DOJ Reportedly Threatens to Sue Apple for Antitrust
Amazon has capped the price of popular e-books at a cheap $9.99, a level disliked by publishers
By: Maureen O'Gara
Mar. 9, 2012 08:45 AM
The Justice Department has told Apple and five price-pinched publishers that it's going to sue them for colluding to raise the price of e-books according to the Wall Street Journal.
The story broke hours after Apple unveiled its latest iPad, a device that may not be quite as popular for reading books as Amazon's Kindles.
Amazon has capped the price of popular e-books at a cheap $9.99, a level disliked by publishers and hard for conventional booksellers to compete with.

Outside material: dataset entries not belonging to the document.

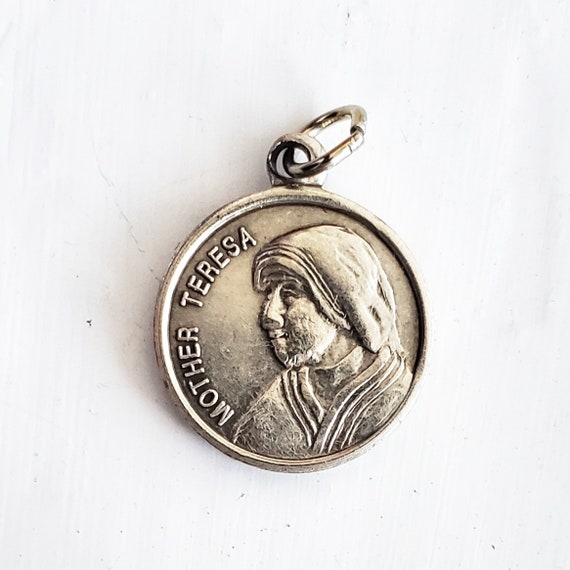 RELIC Ex Indumentis - Mother Theresa - Pewter Medal - Etsy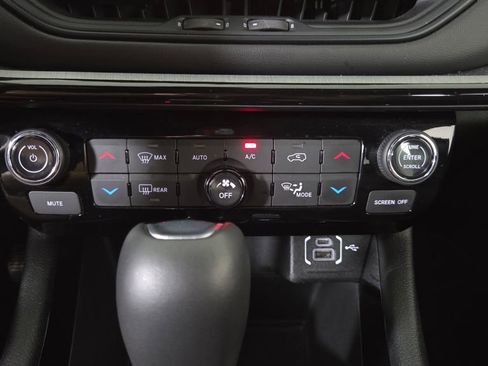 Used 2024 Jeep Compass Limited w/ High Altitude Package AWD/4WD image 26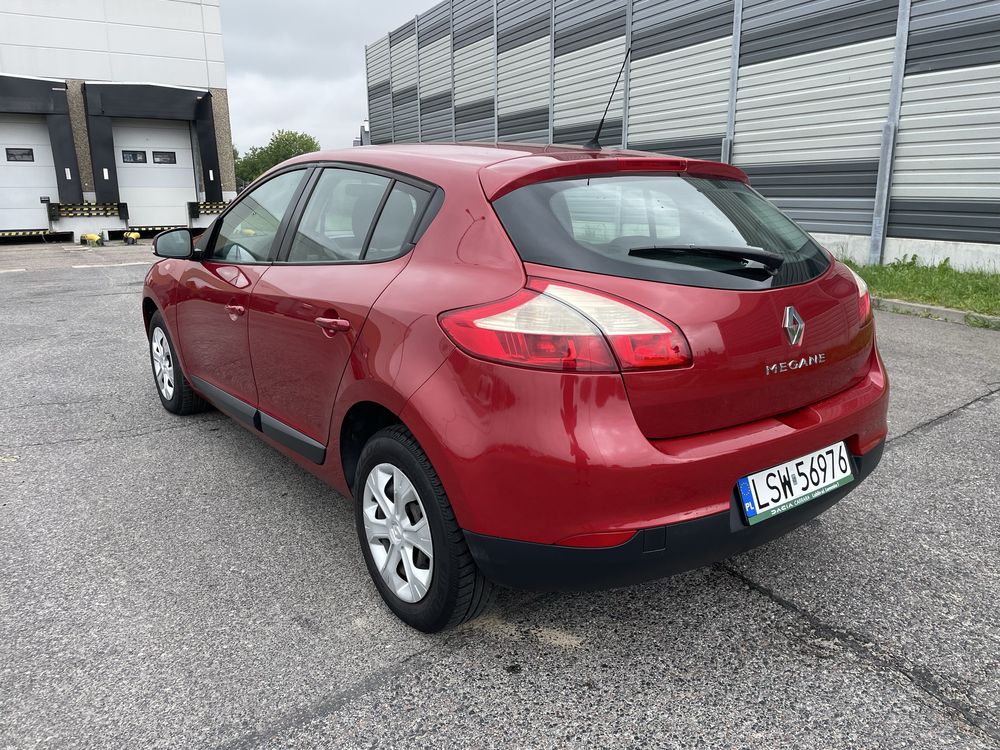 RENAULT MEGANE ** 1.6b ** 09r ** ZADBANA ** Niski przebieg ** 6l/100km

When the first iPad arrived, Apple let publishers set their own price and took 30% provided the book wasn't sold elsewhere cheaper. The publishers then went to Amazon and insisted on the same deal, known as the agency model.
The Journal says the DOJ "believes that Apple and the publishers acted in concert to raise prices across the industry" and is ready to sue them for antitrust violations.

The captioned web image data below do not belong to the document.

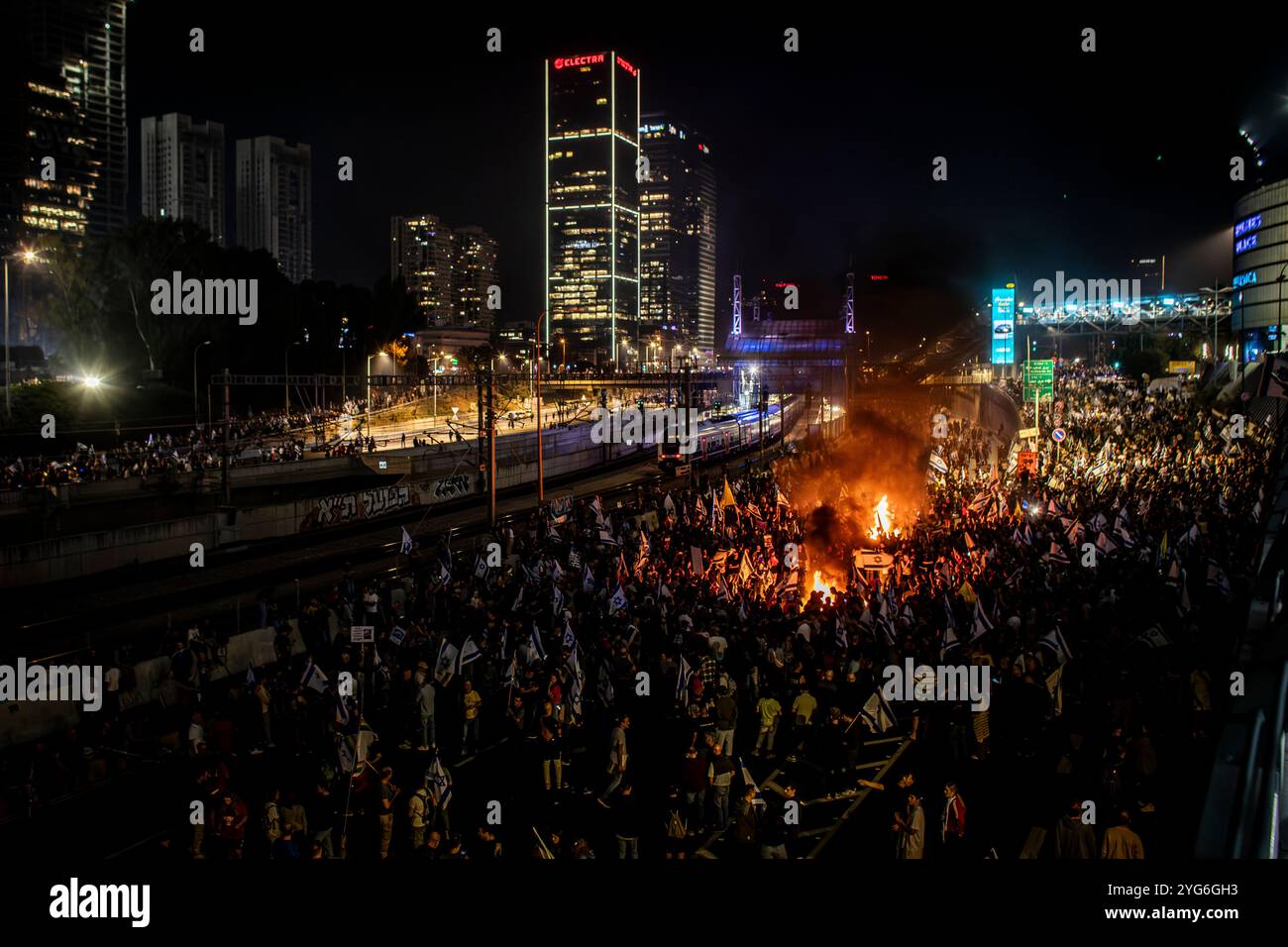 Les manifestants israéliens bloquent la voie ferrée d'Ayalon, lors d'une manifestation spontanée à tel Aviv après que le premier ministre israélien Benjamin Netanyahu a viré le ministre de la Défense Yoav Gallant, mardi 05 novembre 2024. Netanyahu a congédié mardi Gallant dans une annonce surprise dans laquelle il a cité un Òcrisis de trustÓ, nommant le ministre des Affaires étrangères Israël Katz pour lui succéder. Cette décision a déclenché des manifestations de masse à tel Aviv et dans d'autres villes du pays. Photo par Eyal Warshavsky. Banque D'Images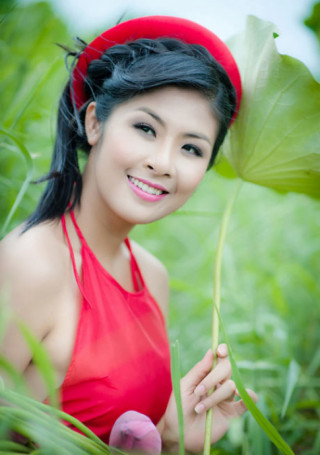 Hoa hậu Việt đọ lưng mịn với áo yếm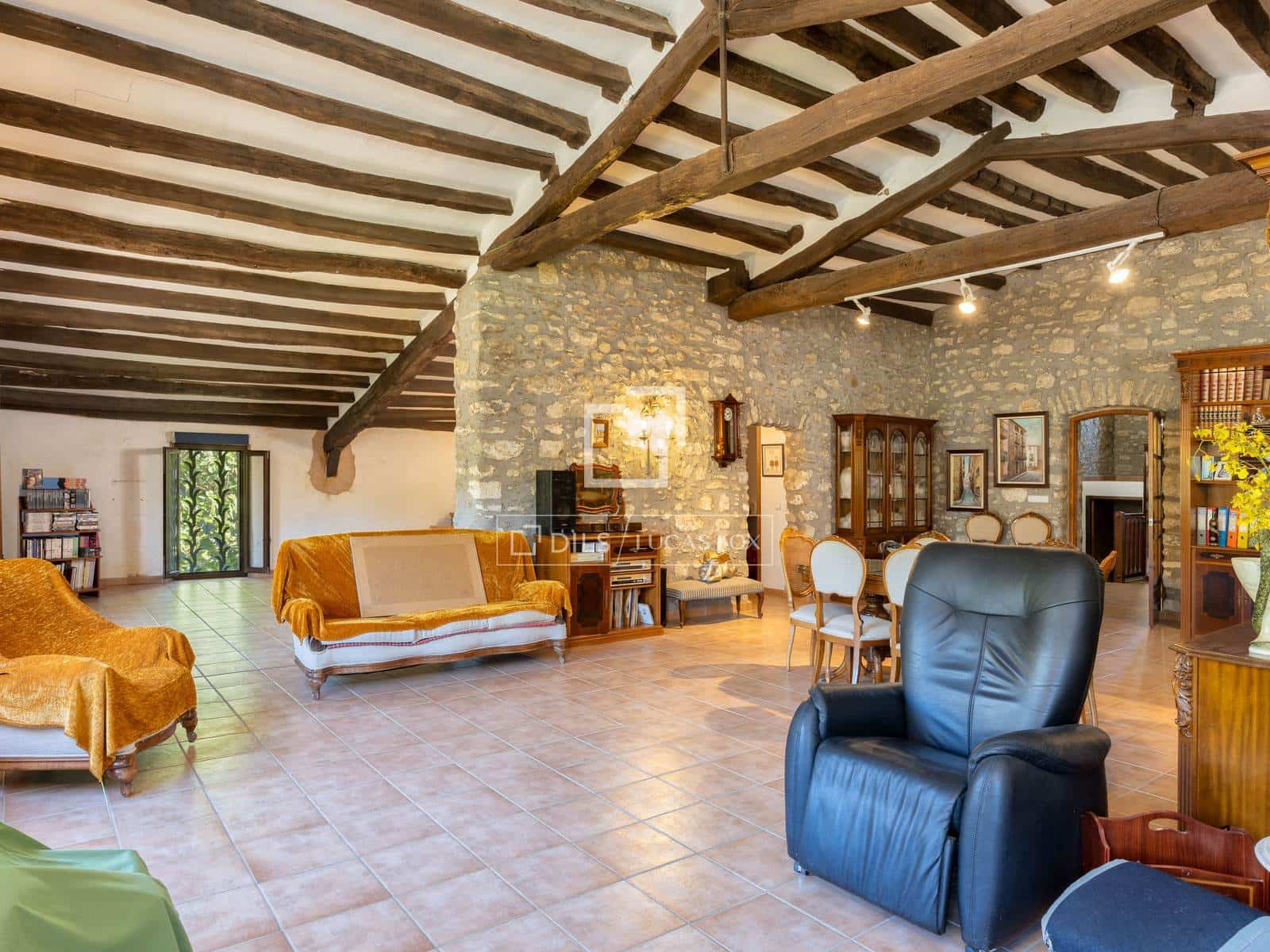 8 bedroom Finca/Country House for sale in Sant Miquel de Campmajor with pool - € 995,000 (Ref: 10106534)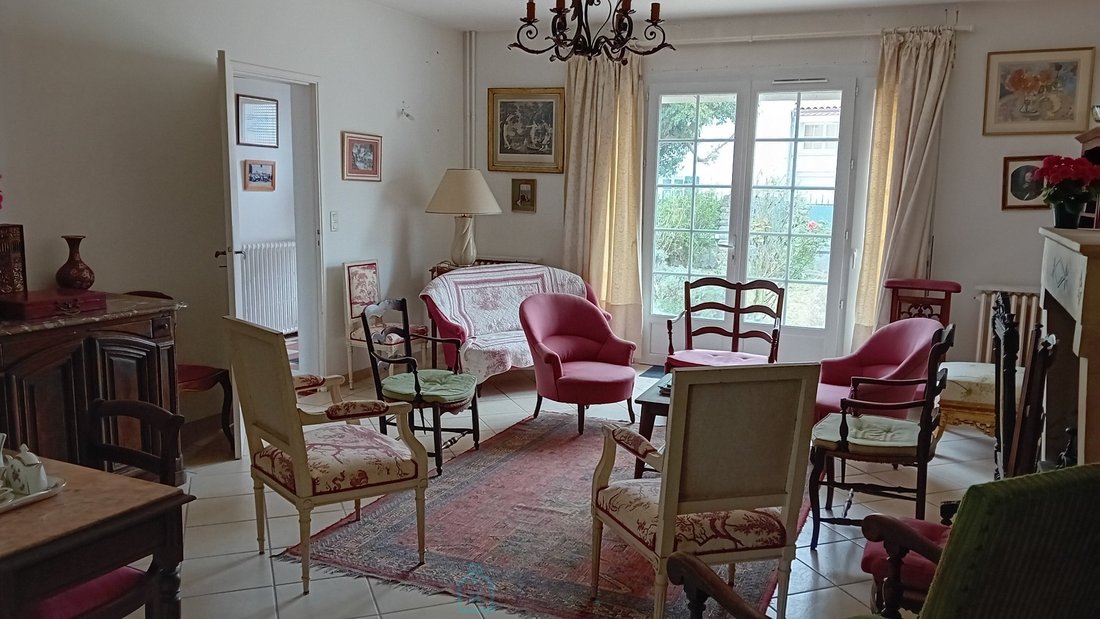 House in Breuillet, Nouvelle-Aquitaine, France 5 - 17738941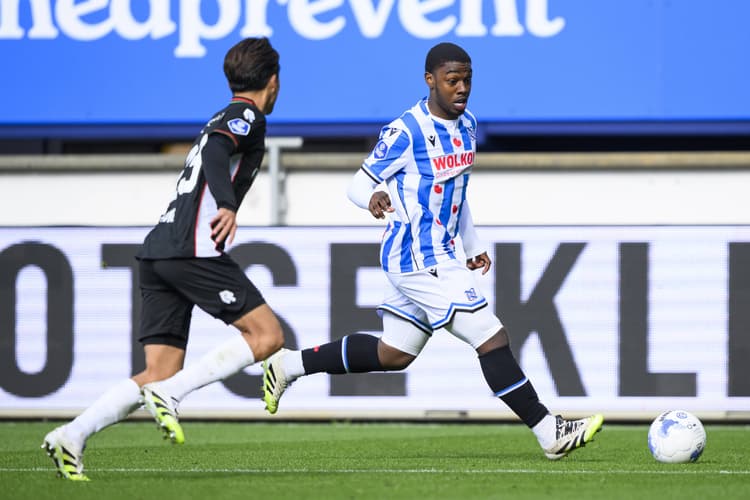 Van Axel-Dongen namens sc Heerenveen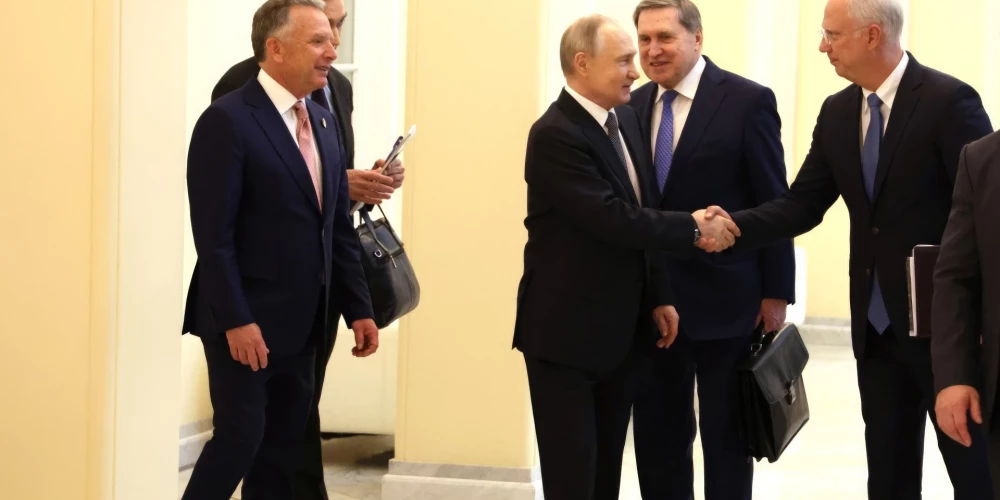 2025. gada 11. aprīlis, Sanktpēterburgā sapulcējušies visi savējie: Krievijas diktators Vladimirs Putins, viņa padomnieki Jurijs Ušakovs (centrā) un Kirils Dmitrijevs (pa labi), kā arī ASV prezidenta Donalda Trampa īpašais sūtnis Stīvs Vitkofs (pa kreisi)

The paper says some but not all of the parties have had settlement talks and that they've been at it for some time.
The publishers were identified as Simon & Schuster, Hachette, Penguin, Macmillan and HarperCollins, which is owned by News Corp, which also owns the Journal.

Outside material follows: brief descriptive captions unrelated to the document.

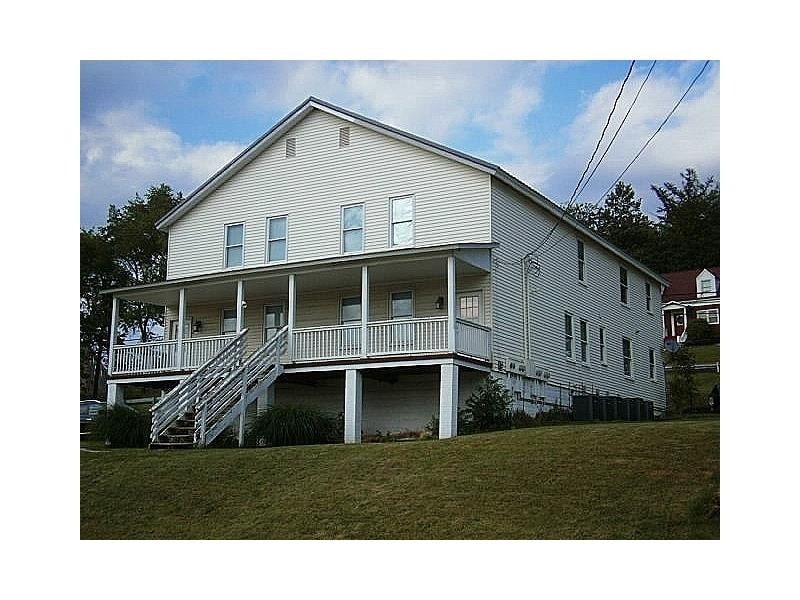 27 S Main St, Ellsworth, PA 15331 Apartments in Ellsworth, PA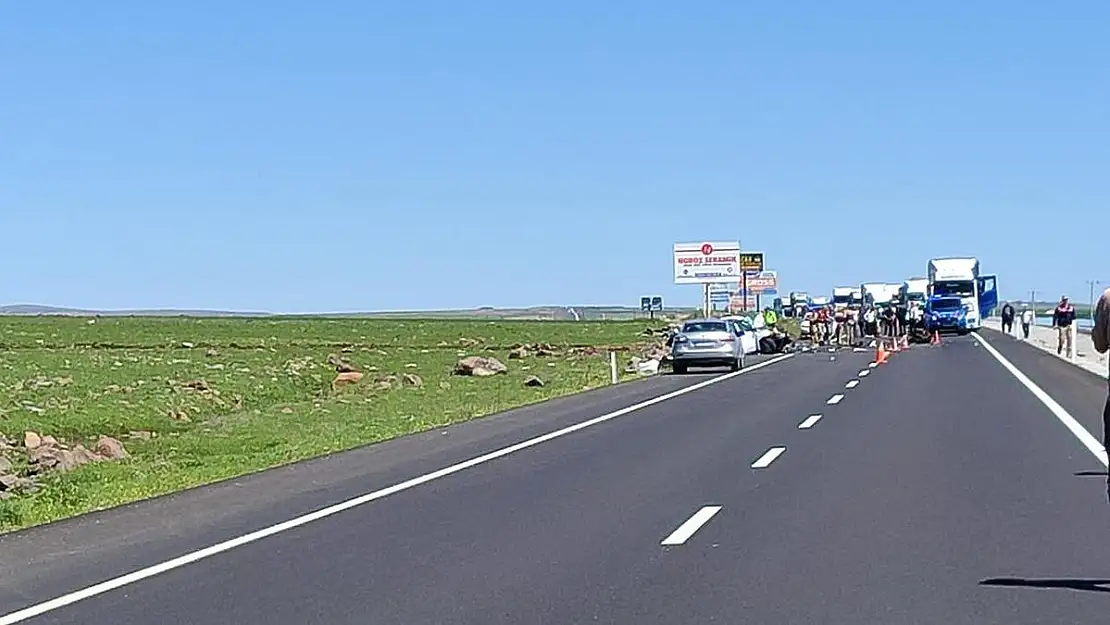 Şanlıurfa’da korkunç kaza: 2 ölü, 6 yaralı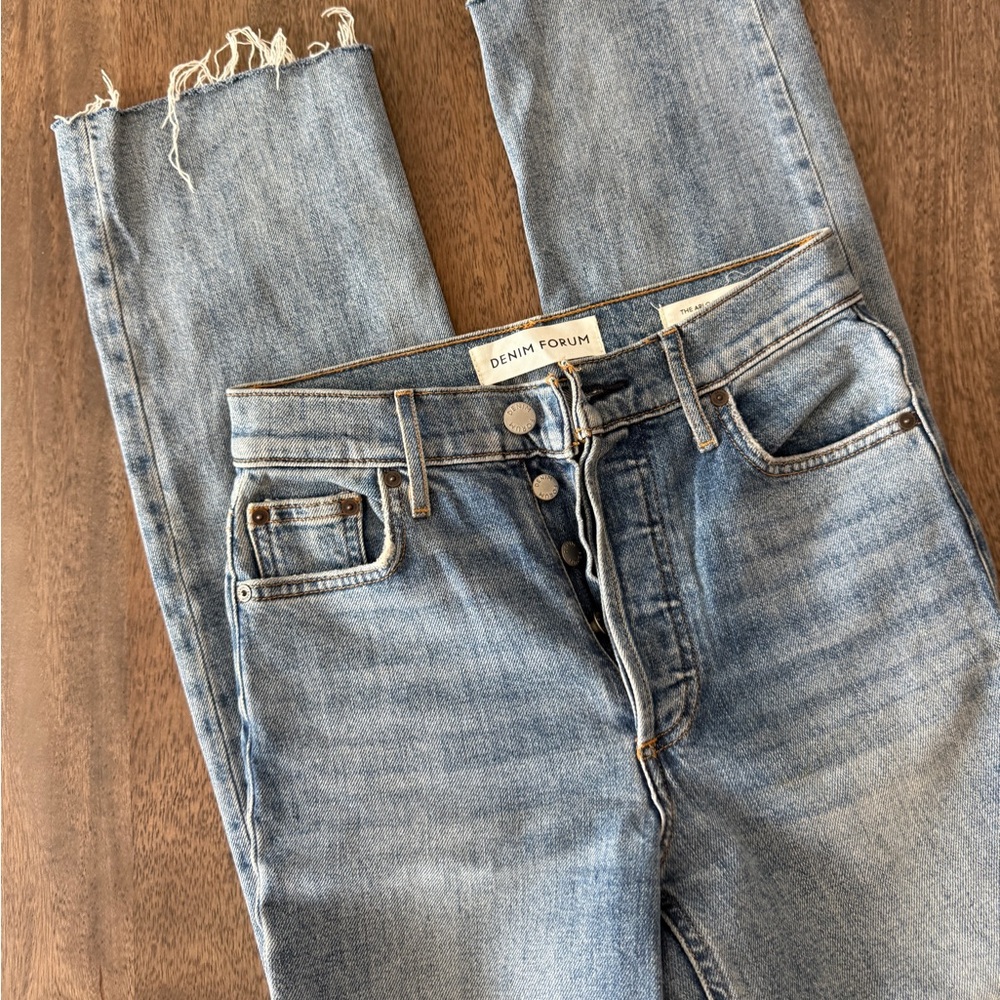 Denim Forum Arlo Highrise Straight Jean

They have reportedly denied acting in concert and claim agency pricing is pro-competitive, allowing more electronic booksellers to survive. The alternative would result in Amazon gaining more market share. Before agency pricing Amazon would often sell best-selling e-books for less than it paid for them.
E-books sales reportedly doubled last year in the US to $970 million.
The DOJ has previously threatened to sue Apple for colluding with other Silicon Valley firms like Google and agreeing not to poach each other's staff. The government claimed it held down wages.